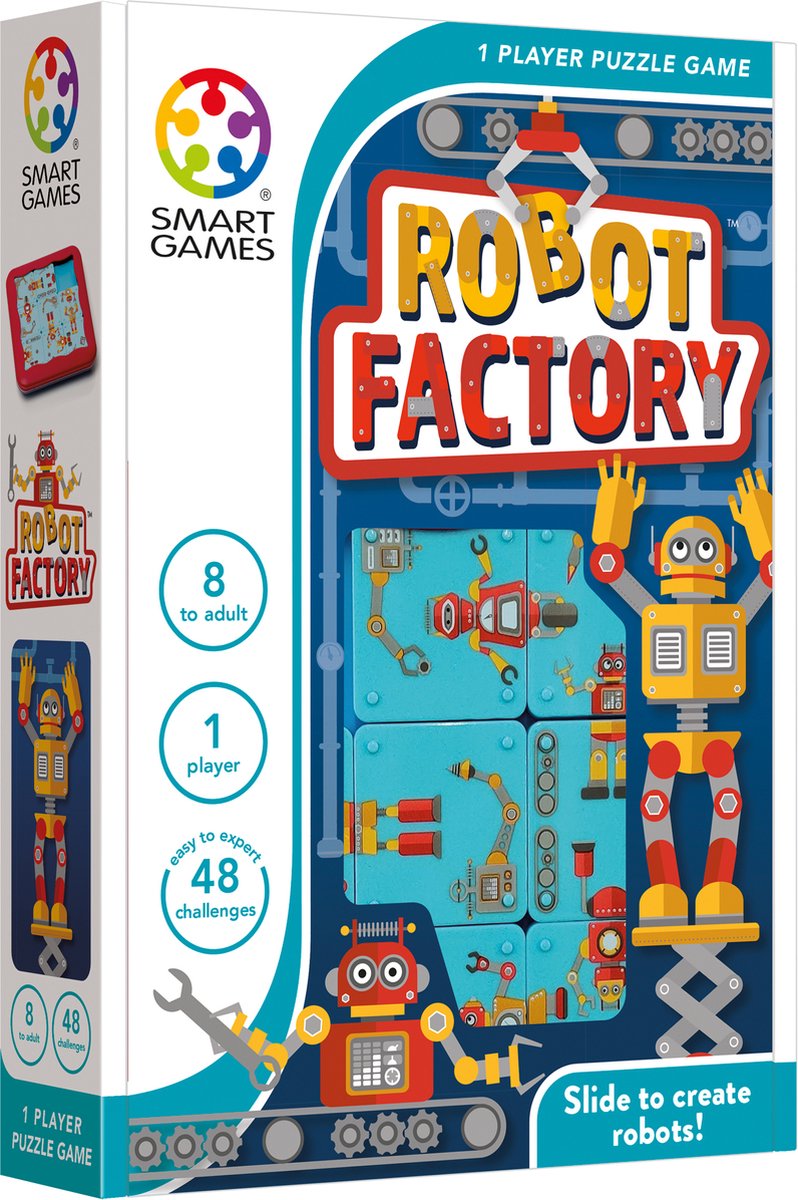 SmartGames robot factory - compact schuifpuzzel denkspel - 48 educatieve robot uitdagingen - reisspel solospel - vanaf 8 jaar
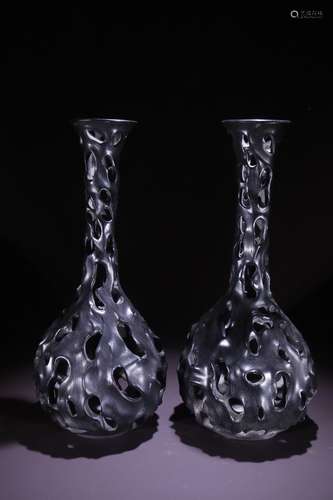 Pair Of Rosewood Vases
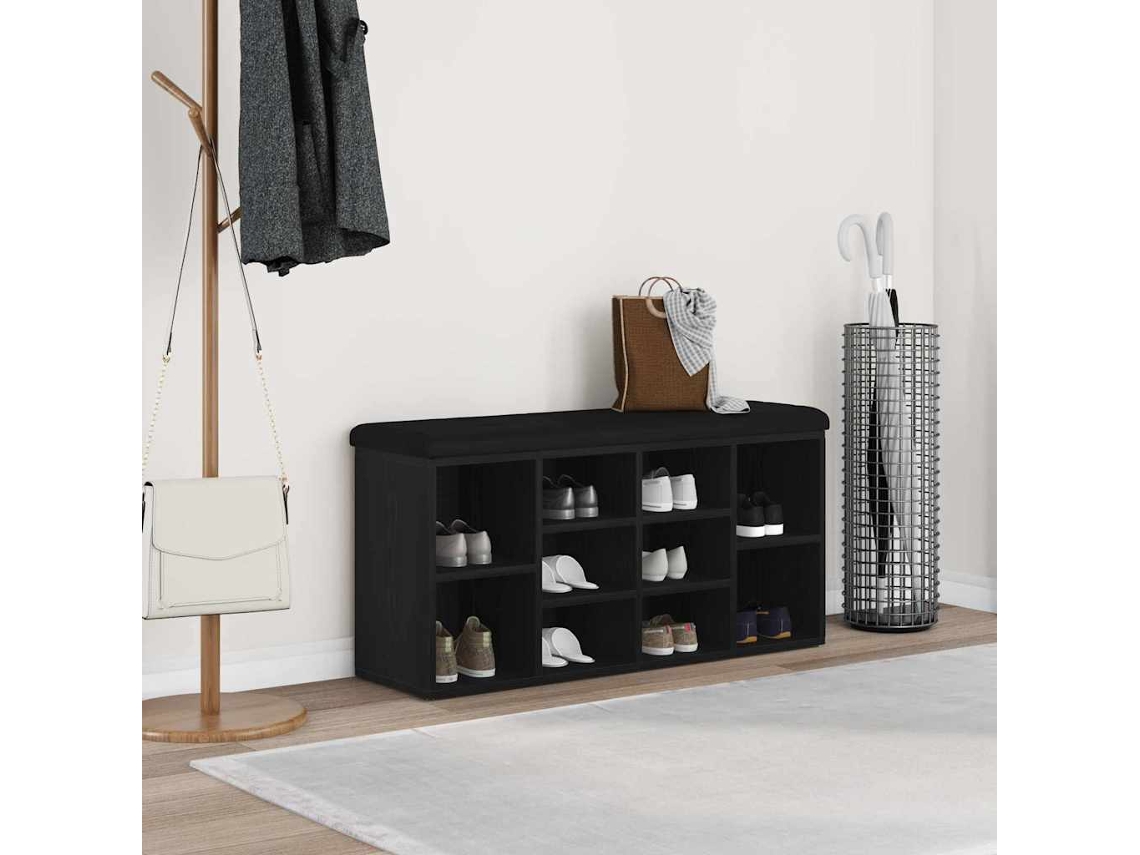 Vidaxl Banco Para Sapatos Carvalho Preto 102 X 32 X 50 Cm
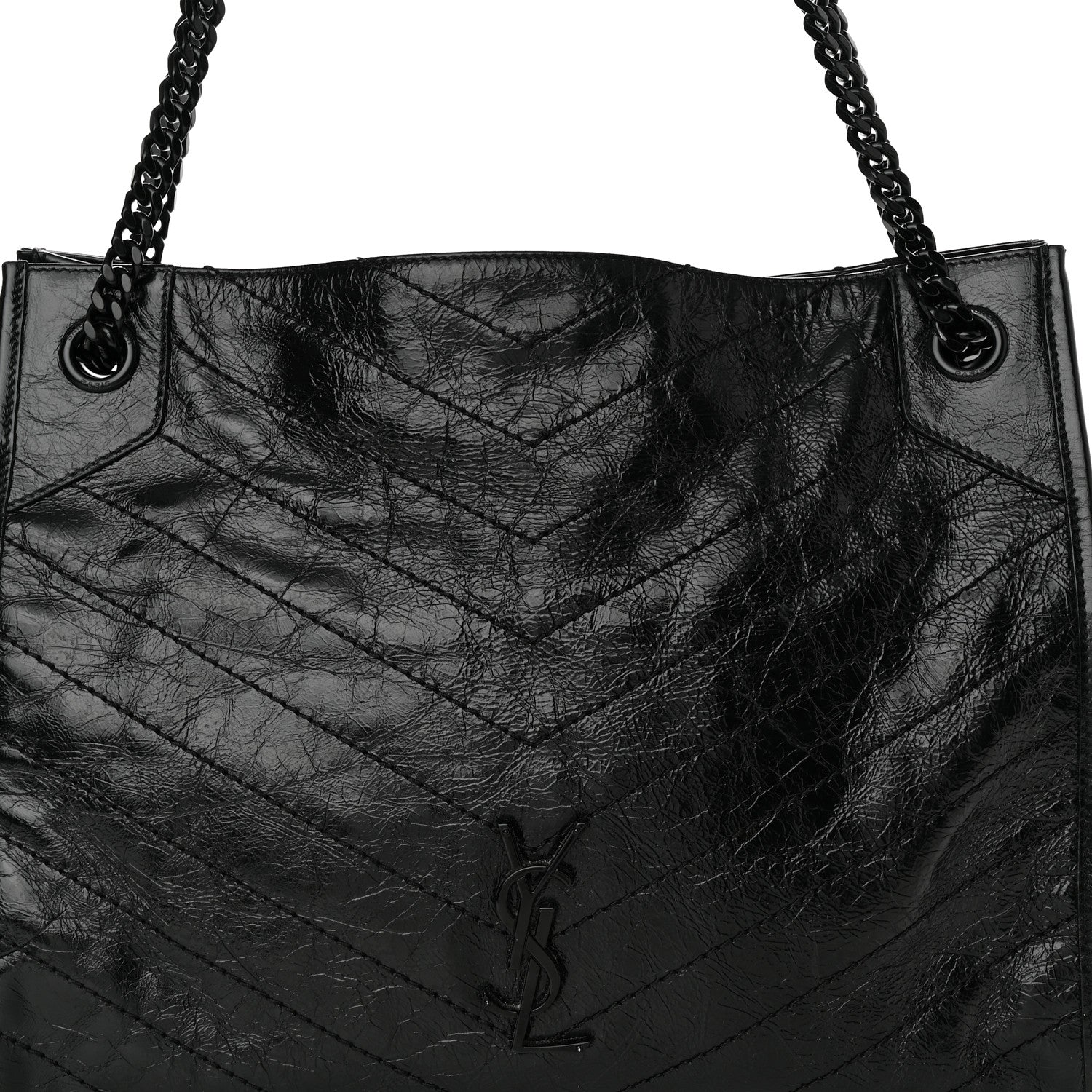 Saint Laurent Crinkled Calfskin Matelasse Monogram Medium Niki Shopper Tote Black 8 of 12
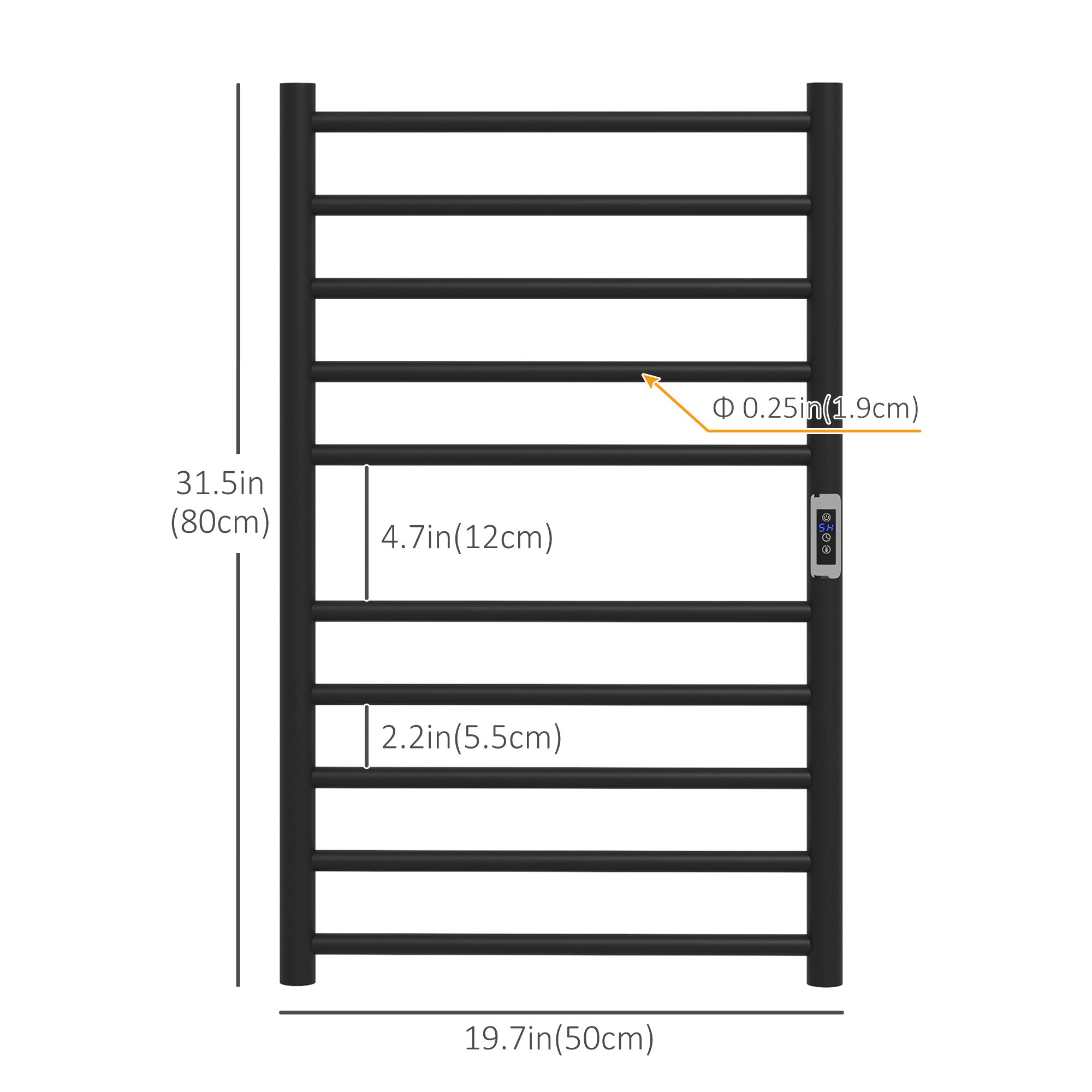 HOMCOM Heated Towel Rack, 304 Stainless Steel Electric Towel Warmer with Timer, Temperature Adjustment, LED Display, 10 Bars, Wall Mounted Towel Drying Rack for Bathroom, Black
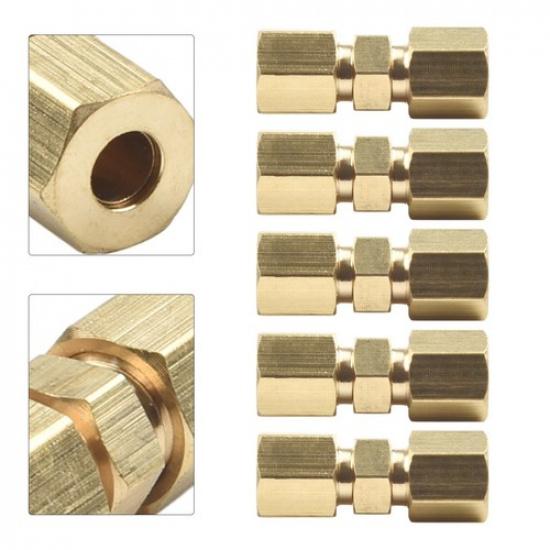 Brass Compression Fitting Connector Union For 3/16 OD Hydraulic Brake Lines 5Pc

* [What you are asked to do]:
Skipping all pictures, set the listing down exactly as written.

* [Problem solution]:
 SmartGames robot factory - compact schuifpuzzel denkspel - 48 educatieve robot uitdagingen - reisspel solospel - vanaf 8 jaar
 Pair Of Rosewood Vases
 Vidaxl Banco Para Sapatos Carvalho Preto 102 X 32 X 50 Cm
 Saint Laurent Crinkled Calfskin Matelasse Monogram Medium Niki Shopper Tote Black 8 of 12
 HOMCOM Heated Towel Rack, 304 Stainless Steel Electric Towel Warmer with Timer, Temperature Adjustment, LED Display, 10 Bars, Wall Mounted Towel Drying Rack for Bathroom, Black
 Brass Compression Fitting Connector Union For 3/16 OD Hydraulic Brake Lines 5Pc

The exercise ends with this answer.